→ What is being asked: For the entries below, repeat exactly each line starting with the one that contains "2-Can Outdoor Trash" and going on through the one that contains "Vintage KJL Collier", and no others.

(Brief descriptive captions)
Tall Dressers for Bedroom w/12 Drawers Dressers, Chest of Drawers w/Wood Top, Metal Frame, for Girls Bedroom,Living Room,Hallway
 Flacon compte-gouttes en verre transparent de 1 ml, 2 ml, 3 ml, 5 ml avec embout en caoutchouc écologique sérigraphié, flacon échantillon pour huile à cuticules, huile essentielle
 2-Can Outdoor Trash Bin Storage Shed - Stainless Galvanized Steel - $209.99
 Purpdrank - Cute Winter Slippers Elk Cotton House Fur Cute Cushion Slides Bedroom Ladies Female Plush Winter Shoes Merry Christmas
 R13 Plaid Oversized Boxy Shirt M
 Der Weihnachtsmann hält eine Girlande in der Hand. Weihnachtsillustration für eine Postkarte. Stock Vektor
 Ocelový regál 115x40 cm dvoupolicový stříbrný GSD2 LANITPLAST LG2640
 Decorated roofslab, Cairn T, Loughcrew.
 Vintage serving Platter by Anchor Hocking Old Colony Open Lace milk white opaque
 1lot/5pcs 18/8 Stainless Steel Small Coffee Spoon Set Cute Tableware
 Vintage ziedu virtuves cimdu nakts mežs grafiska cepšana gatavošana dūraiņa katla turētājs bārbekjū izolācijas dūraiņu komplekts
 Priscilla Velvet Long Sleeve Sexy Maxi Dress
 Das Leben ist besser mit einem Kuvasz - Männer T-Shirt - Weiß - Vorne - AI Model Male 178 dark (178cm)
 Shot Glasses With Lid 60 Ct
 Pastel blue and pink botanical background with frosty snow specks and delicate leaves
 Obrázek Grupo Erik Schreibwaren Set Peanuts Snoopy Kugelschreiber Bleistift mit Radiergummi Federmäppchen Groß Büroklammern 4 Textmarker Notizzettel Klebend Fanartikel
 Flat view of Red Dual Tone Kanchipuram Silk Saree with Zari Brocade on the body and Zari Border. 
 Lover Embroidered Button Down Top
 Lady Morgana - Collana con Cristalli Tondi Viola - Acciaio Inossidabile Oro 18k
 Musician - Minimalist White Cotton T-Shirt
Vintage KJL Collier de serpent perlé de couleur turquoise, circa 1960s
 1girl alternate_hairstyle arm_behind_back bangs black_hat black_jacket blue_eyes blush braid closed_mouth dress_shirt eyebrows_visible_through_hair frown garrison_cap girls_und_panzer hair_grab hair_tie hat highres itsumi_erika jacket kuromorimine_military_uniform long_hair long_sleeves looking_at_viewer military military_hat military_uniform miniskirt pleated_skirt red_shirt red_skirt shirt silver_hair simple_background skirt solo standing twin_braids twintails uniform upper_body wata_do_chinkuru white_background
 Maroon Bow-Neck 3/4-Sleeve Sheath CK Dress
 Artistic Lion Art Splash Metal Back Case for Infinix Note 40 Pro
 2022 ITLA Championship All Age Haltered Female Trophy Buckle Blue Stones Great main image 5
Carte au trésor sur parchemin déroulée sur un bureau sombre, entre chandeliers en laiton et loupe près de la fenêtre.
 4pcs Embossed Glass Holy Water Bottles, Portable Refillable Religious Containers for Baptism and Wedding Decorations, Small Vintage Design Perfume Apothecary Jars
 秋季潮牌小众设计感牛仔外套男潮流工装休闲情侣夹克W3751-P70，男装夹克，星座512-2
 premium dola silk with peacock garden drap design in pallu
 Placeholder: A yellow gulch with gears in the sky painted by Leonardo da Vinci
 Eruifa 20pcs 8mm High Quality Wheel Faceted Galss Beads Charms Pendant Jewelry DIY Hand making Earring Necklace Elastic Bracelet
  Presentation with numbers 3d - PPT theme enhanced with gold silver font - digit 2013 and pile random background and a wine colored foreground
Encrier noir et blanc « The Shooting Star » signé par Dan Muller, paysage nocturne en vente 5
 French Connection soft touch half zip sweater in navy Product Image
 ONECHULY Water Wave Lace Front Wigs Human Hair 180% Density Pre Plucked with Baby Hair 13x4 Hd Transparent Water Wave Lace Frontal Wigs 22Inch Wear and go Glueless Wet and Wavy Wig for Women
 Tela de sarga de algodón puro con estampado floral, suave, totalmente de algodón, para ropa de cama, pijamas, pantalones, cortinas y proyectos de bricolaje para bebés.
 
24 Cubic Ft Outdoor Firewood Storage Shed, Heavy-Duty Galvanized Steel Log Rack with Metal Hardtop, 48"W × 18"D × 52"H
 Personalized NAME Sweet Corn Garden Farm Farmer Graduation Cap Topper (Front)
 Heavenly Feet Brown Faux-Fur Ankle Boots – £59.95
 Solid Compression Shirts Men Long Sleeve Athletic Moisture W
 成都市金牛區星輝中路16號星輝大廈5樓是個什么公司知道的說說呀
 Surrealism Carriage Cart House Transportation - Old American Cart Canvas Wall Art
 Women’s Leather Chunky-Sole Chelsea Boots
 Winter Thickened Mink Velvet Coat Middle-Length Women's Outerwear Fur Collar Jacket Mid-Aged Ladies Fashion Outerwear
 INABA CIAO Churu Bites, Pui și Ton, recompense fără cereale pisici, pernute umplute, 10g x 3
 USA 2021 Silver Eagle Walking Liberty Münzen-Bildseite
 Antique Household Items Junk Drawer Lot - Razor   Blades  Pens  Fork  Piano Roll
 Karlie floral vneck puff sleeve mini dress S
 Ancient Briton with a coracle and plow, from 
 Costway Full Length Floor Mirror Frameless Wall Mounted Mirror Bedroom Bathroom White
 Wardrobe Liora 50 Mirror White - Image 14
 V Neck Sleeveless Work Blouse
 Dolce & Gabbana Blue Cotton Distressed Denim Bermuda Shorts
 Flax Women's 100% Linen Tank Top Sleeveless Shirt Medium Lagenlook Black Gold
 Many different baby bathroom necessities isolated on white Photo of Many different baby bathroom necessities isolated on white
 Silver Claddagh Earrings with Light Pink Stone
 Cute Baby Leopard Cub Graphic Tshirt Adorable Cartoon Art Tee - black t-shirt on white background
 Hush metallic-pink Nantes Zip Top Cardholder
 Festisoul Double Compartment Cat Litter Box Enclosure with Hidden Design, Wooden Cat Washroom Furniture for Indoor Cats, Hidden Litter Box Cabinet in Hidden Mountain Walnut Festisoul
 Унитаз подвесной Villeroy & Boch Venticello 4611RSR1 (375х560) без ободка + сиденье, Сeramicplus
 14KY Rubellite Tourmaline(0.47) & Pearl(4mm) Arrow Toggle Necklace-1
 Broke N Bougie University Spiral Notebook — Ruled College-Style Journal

→ Response for this exercise:
 2-Can Outdoor Trash Bin Storage Shed - Stainless Galvanized Steel - $209.99
 Purpdrank - Cute Winter Slippers Elk Cotton House Fur Cute Cushion Slides Bedroom Ladies Female Plush Winter Shoes Merry Christmas
 R13 Plaid Oversized Boxy Shirt M
 Der Weihnachtsmann hält eine Girlande in der Hand. Weihnachtsillustration für eine Postkarte. Stock Vektor
 Ocelový regál 115x40 cm dvoupolicový stříbrný GSD2 LANITPLAST LG2640
 Decorated roofslab, Cairn T, Loughcrew.
 Vintage serving Platter by Anchor Hocking Old Colony Open Lace milk white opaque
 1lot/5pcs 18/8 Stainless Steel Small Coffee Spoon Set Cute Tableware
 Vintage ziedu virtuves cimdu nakts mežs grafiska cepšana gatavošana dūraiņa katla turētājs bārbekjū izolācijas dūraiņu komplekts
 Priscilla Velvet Long Sleeve Sexy Maxi Dress
 Das Leben ist besser mit einem Kuvasz - Männer T-Shirt - Weiß - Vorne - AI Model Male 178 dark (178cm)
 Shot Glasses With Lid 60 Ct
 Pastel blue and pink botanical background with frosty snow specks and delicate leaves
 Obrázek Grupo Erik Schreibwaren Set Peanuts Snoopy Kugelschreiber Bleistift mit Radiergummi Federmäppchen Groß Büroklammern 4 Textmarker Notizzettel Klebend Fanartikel
 Flat view of Red Dual Tone Kanchipuram Silk Saree with Zari Brocade on the body and Zari Border. 
 Lover Embroidered Button Down Top
 Lady Morgana - Collana con Cristalli Tondi Viola - Acciaio Inossidabile Oro 18k
 Musician - Minimalist White Cotton T-Shirt
Vintage KJL Collier de serpent perlé de couleur turquoise, circa 1960s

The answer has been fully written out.